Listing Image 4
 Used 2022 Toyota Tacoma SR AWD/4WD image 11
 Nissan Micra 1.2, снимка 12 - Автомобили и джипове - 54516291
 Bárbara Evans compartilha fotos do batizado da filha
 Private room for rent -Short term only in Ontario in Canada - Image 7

— PROBLEM DETAILS —
Transcribe the whole listing above, keeping each line exactly as written.

— RESPONSE BELOW —
Listing Image 4
 Used 2022 Toyota Tacoma SR AWD/4WD image 11
 Nissan Micra 1.2, снимка 12 - Автомобили и джипове - 54516291
 Bárbara Evans compartilha fotos do batizado da filha
 Private room for rent -Short term only in Ontario in Canada - Image 7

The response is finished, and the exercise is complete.